Using Temperature Sensitivity to Estimate Shiftable Electricity Demand: Implications for power system investments and climate change
Michael J. Roberts, Sisi Zhang, Eleanor Yuan, James Jones, Matthias Fripp
TL;DR
The paper investigates how to manage electricity demand variability in grids with rising renewable shares and climate-driven changes by quantifying shiftable, temperature-sensitive demand and its potential to flatten load. It employs a top-down regression linking hourly regional demand to hour-of-day, hour-of-year, day-of-week, and weather signals via cooling and heating degree hours across 31 US regions to estimate the share of temperature-sensitive load, then simulates within-day demand reshaping by shifting a fraction $\alpha$ of this load under various transmission scenarios and a $+2^{\circ}$C climate change. Key findings include that with $\alpha=0.5$, regional daily peaks fall by about 10.1%, base load rises by 22.2%, daily SD declines by 76.9%, and 17.9% of region/days become completely flattenable; CDH has a stronger relationship to demand than HDH, and perfect transmission enhances smoothing but is outpaced by load shifting. Climate-change analysis shows that even under a warming scenario, shifting temperature-sensitive demand substantially reduces the expected increases in peaks and variability, underscoring the value of demand-side flexibility for planning investments in transmission and thermal storage.
Abstract
Growth of intermittent renewable energy and climate change make it increasingly difficult to manage electricity demand variability.

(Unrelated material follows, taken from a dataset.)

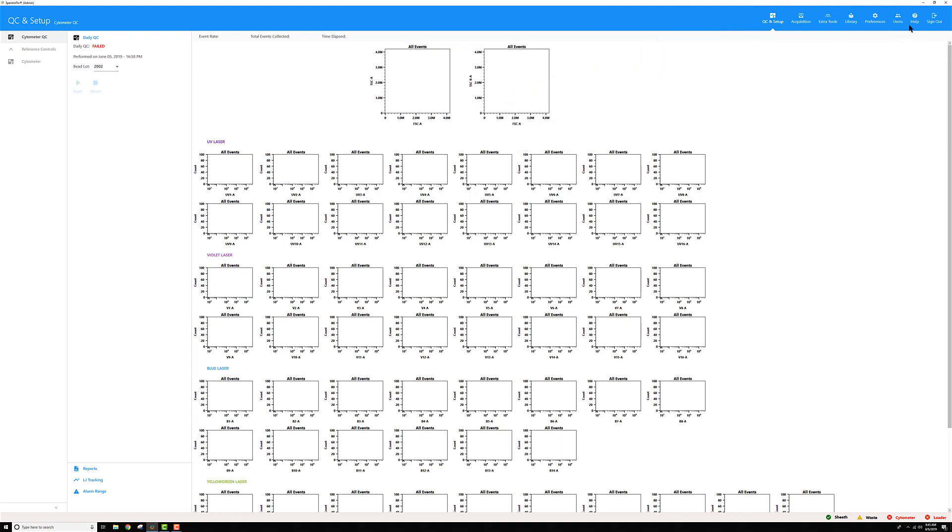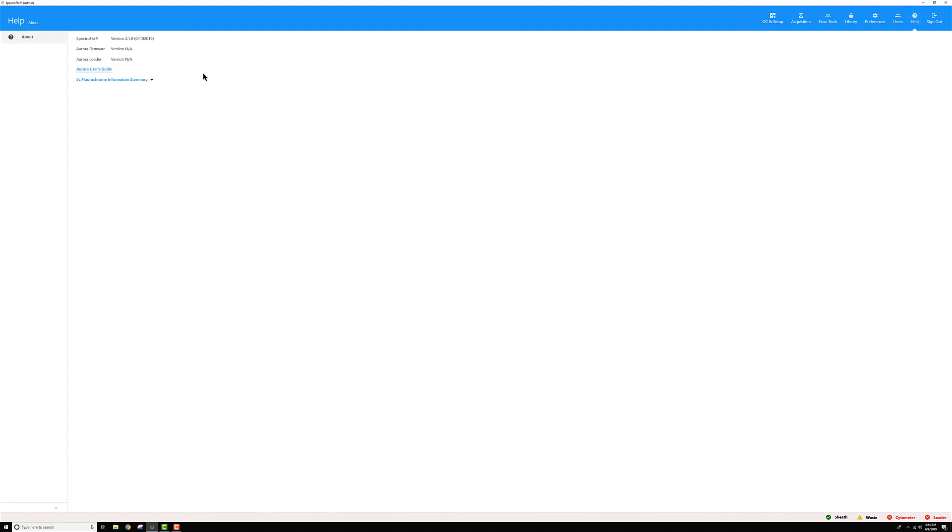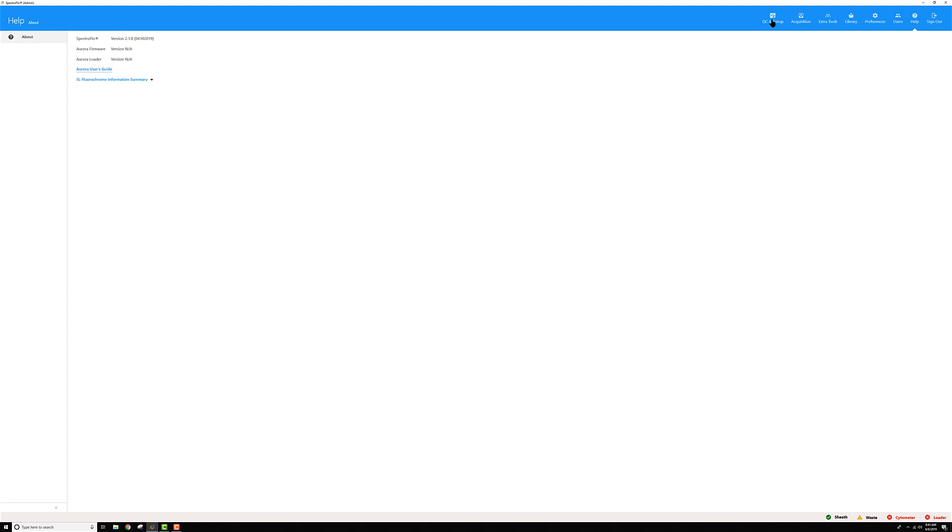We also have a help section as well that now shows, and in the help section, that's where you can go and see what version of the software you're running or check out our user guide or fluorochrome information summary. But alas, I want to go back to QC and setup.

Centralized storage can help but is costly. An alternative is to shift demand. Cooling and heating demands are substantial and can be economically shifted using thermal storage. To estimate what thermal storage, employed at scale, might do to reshape electricity loads, we pair fine-scale weather data with hourly electricity use to estimate the share of temperature-sensitive demand across 31 regions that span the continental United States. We then show how much variability can be reduced by shifting temperature-sensitive loads, with and without improved transmission between regions. We find that approximately three quarters of within-day, within-region demand variability can be eliminated by shifting just half of temperature-sensitive demand. The variability-reducing benefits of shifting temperature-sensitive demand complement those gained from improved interregional transmission, and greatly mitigate the challenge of serving higher peaks under climate change.